=== PROVIDED ENTRIES ===

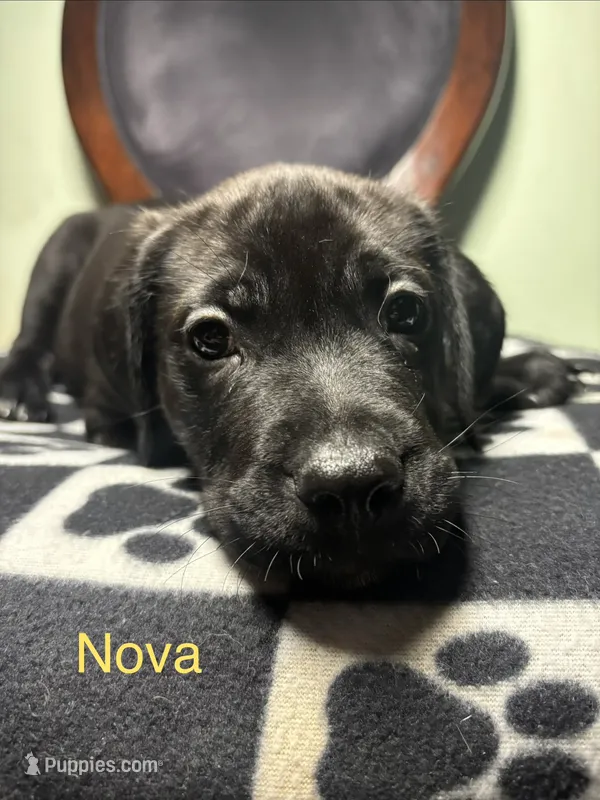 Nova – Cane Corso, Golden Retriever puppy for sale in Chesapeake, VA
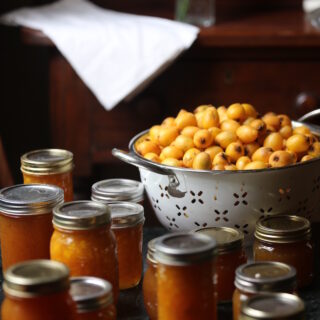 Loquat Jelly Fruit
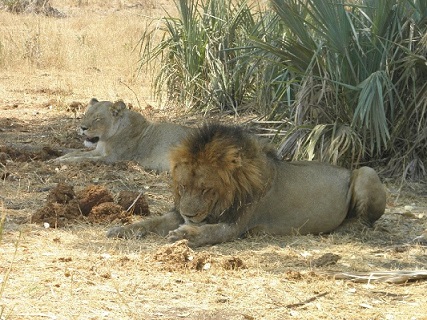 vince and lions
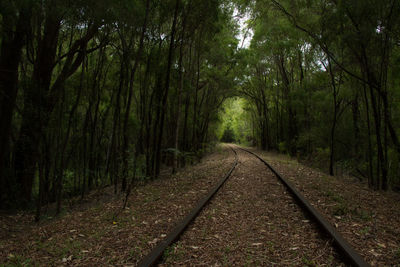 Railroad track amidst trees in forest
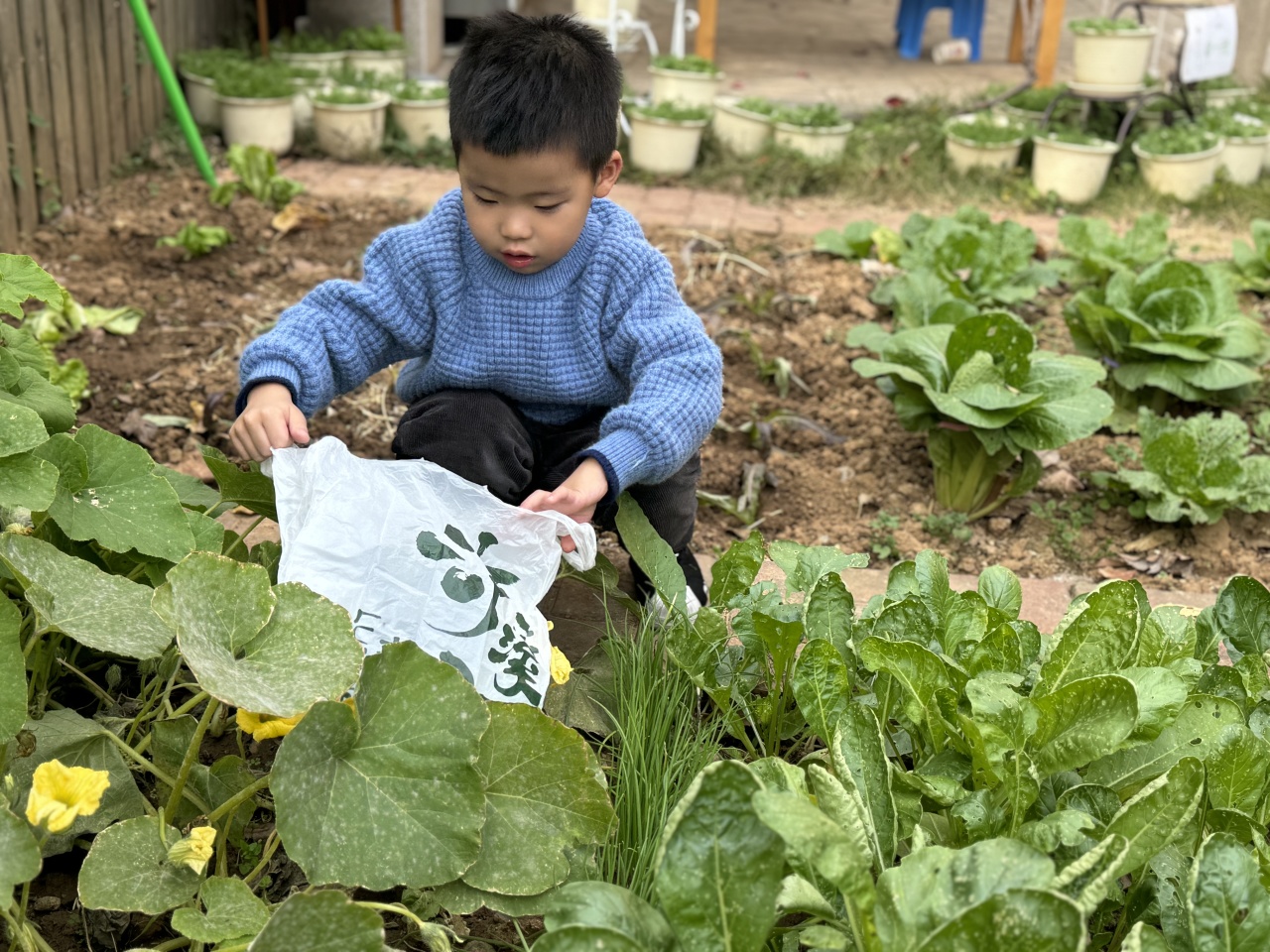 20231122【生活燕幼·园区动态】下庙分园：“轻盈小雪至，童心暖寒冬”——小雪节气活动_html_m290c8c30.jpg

===
=== PROVIDED ENTRIES ===

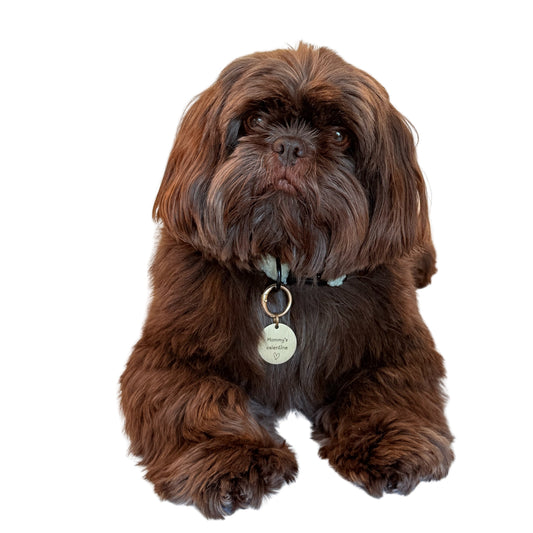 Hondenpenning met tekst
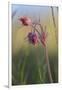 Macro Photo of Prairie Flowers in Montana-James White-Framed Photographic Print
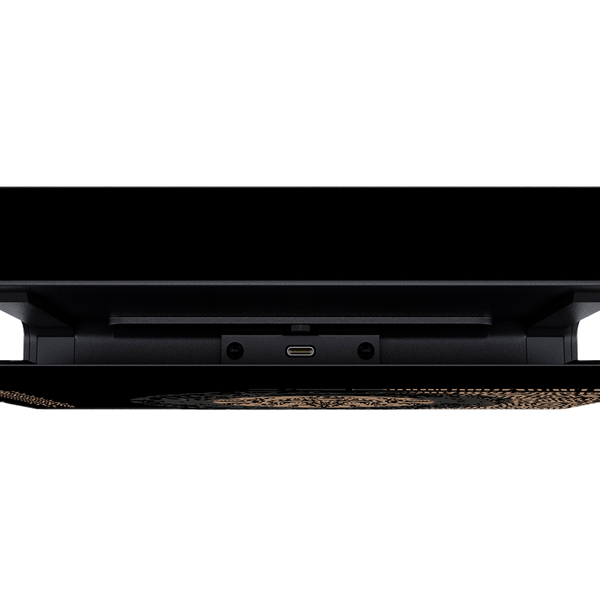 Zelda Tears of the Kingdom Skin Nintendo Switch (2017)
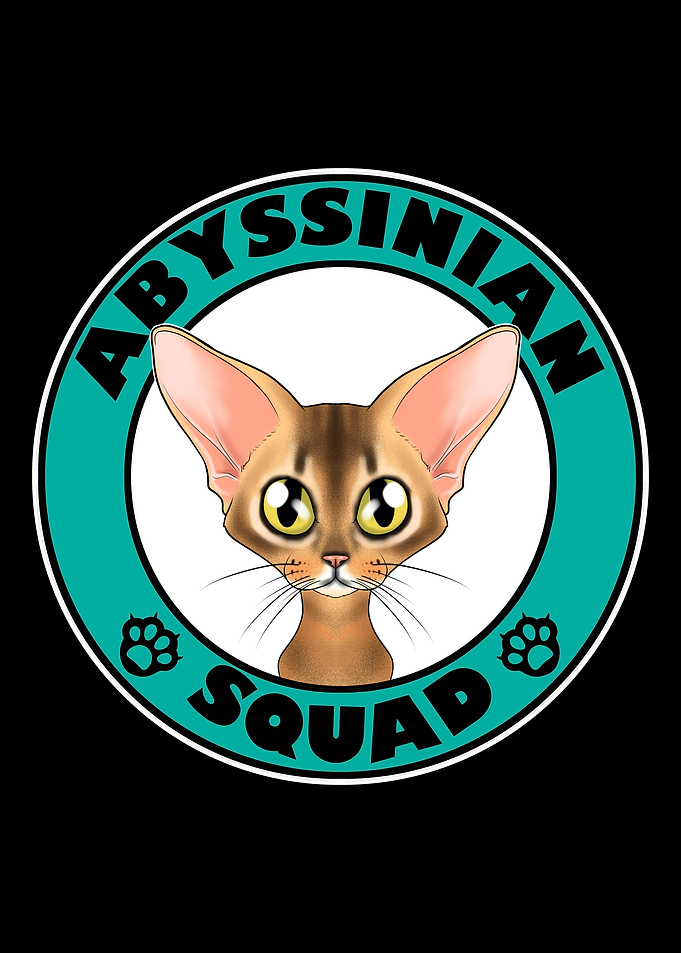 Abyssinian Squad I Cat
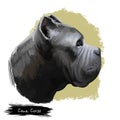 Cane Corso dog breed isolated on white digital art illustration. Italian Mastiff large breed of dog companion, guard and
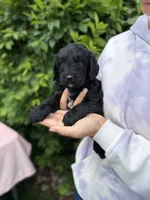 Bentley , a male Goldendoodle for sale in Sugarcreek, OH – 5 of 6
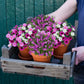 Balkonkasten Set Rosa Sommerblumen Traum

===
=== PROVIDED ENTRIES ===

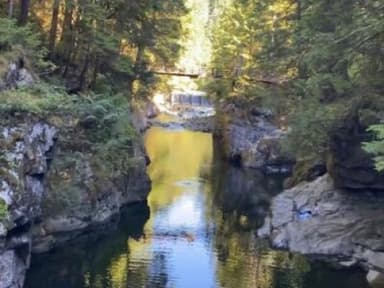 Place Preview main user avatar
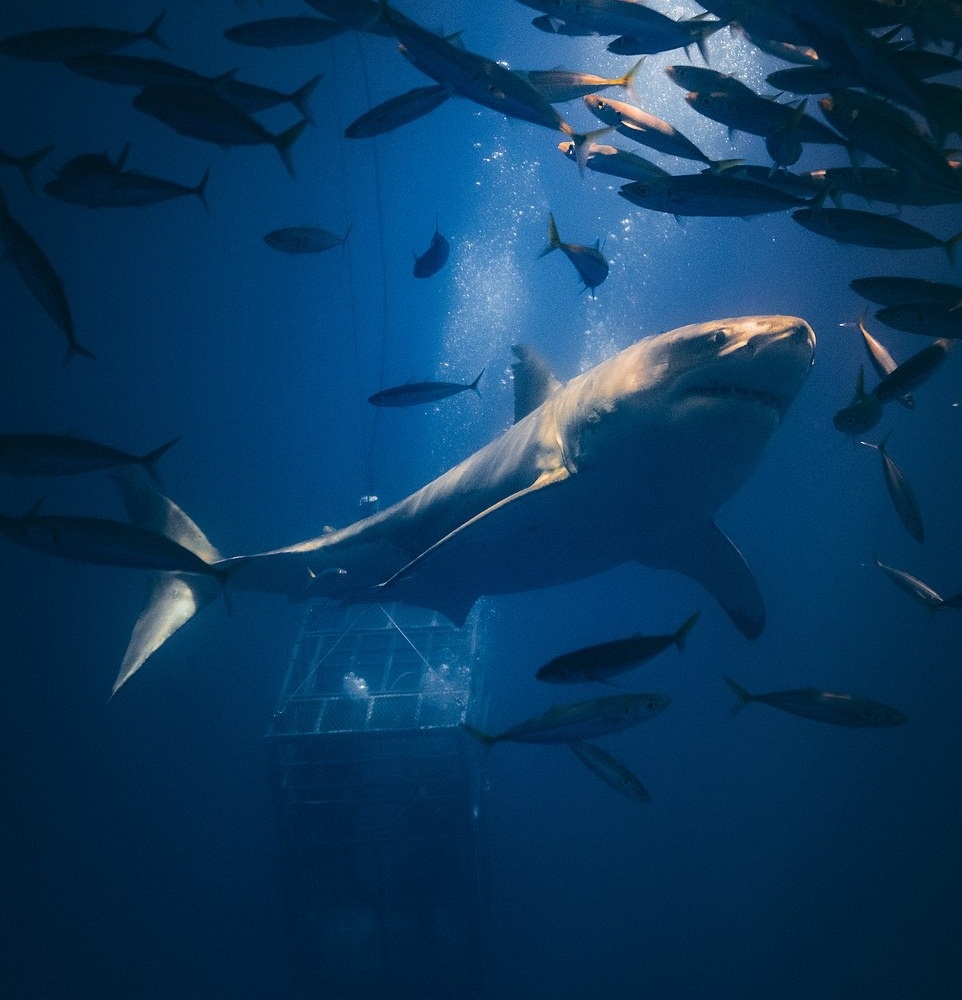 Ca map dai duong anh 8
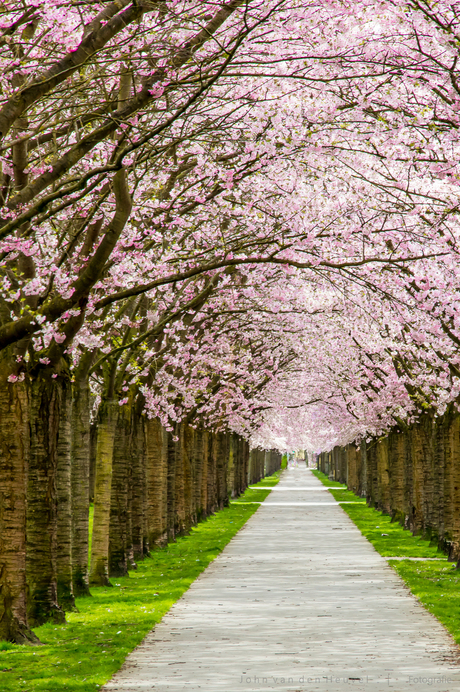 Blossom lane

===

**ACTIVITY:** Within the data above, repeat exactly the lines from the one bearing "Nova – Cane" through the one bearing "20231122【生活燕幼·". Include no pictures and nothing else.

**EXERCISE ANSWER:**
 Nova – Cane Corso, Golden Retriever puppy for sale in Chesapeake, VA
 Loquat Jelly Fruit
 vince and lions
 Railroad track amidst trees in forest
 20231122【生活燕幼·园区动态】下庙分园：“轻盈小雪至，童心暖寒冬”——小雪节气活动_html_m290c8c30.jpg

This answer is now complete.